PENSACOLA, Fla. (WKRG) — In Pensacola, art is not just hanging on walls. It’s showing up on fences, buildings, and parking garages! It’s called public art and it’s becoming a Pensacola favorite.
“It changes people’s experience when they’re commuting in their daily life. It shows the vibrancy of the culture,” says Evan Levin who has been one of the biggest proponents of taking art to the streets.
The public art in Pensacola is at times beautiful, whimsical, and even thoughtful. It may be large, like the mural Levin and his fellow artist Ashton Howard painted on the Jefferson Street parking garage, or small like the images painted on parking meters or the mural Levin recently painted on Gulf Power utility box. Levin like the idea of turning things that are mundane into something memorable.
“Every wall is like a canvas to me, basically.”
About two dozen artists throughout Pensacola are making canvases of exterior building walls, busy intersections and fences. Whether they paint murals and make sculptures, whether the art is permanent like a statue or temporary like graffiti on Graffiti Bridge, art is front and center.
“It’s awesome.

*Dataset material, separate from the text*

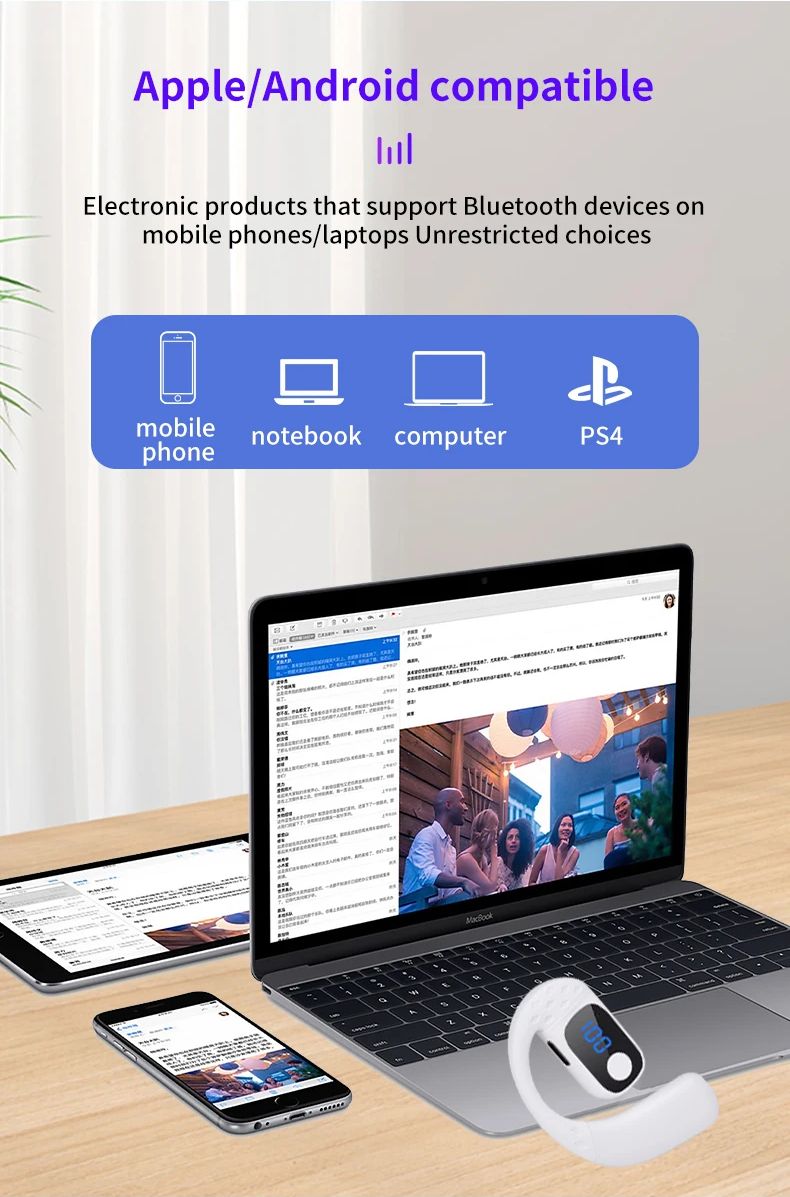 Bluetooth Earphones Neckband Wireless  Earbuds Stereo High-definition Waterproof Ultra Long Endurance Digital Display Sports Bluetooth Earpods Ear-Hook Left And Right Ears Can Be Rotated Adjusted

The artsy feel. It’s really nice,” says Len Gibbs, who works downtown and enjoys exploring the public art scene.
One of the largest and most popular displays of public art is CUBED. There are 3 cubes with 4 sides painted by 16 artists. CUBED made its debut at Foo Foo Fest, but has now found a permanent spot behind the T.T. Wentworth Museum. CUBED is part of the plethora of public art that’s exciting people like Grace Mallett, who is a recent college graduate now working in Pensacola.
”If you’re gonna grow more toward the young people, art has to be a really big part of it,” says Mallett.
Not anyone can just go start slapping paint on wall or fence. There are permissions to be granted by agencies and property owners. Levin says you need to obtain approval by a property owner if you are an artist proposing a mural or other project on their property. Then, depending on where the mural will be located, certain regulatory agencies have to sign off. For instance, in historic downtown Pensacola, the Architectural Review Board has to give the okay. Typically, says Levin, the agency and possibly the property owner, will want to see a proposal of the project and of past work the artist has done. And, it’s often more involved than a beginning artist might think.”
“It can be overwhelming if you’ve never done it before. You have to consider the size of the project, length of time it will take, the types of material you use on an outdoor canvas, etc.,” says Levin.
But all of the work is worth it to Levin and the other artists who are in on the public art movement.
“I think the way the city has been in its revitalization kind of brought about that energy where artists want to be a part of it.”
And, being a part of art is what the artists want you to be able to experience on what might otherwise be, just an ordinary day.
“We inspire each other and encourage each other to get out there and think outside the box.”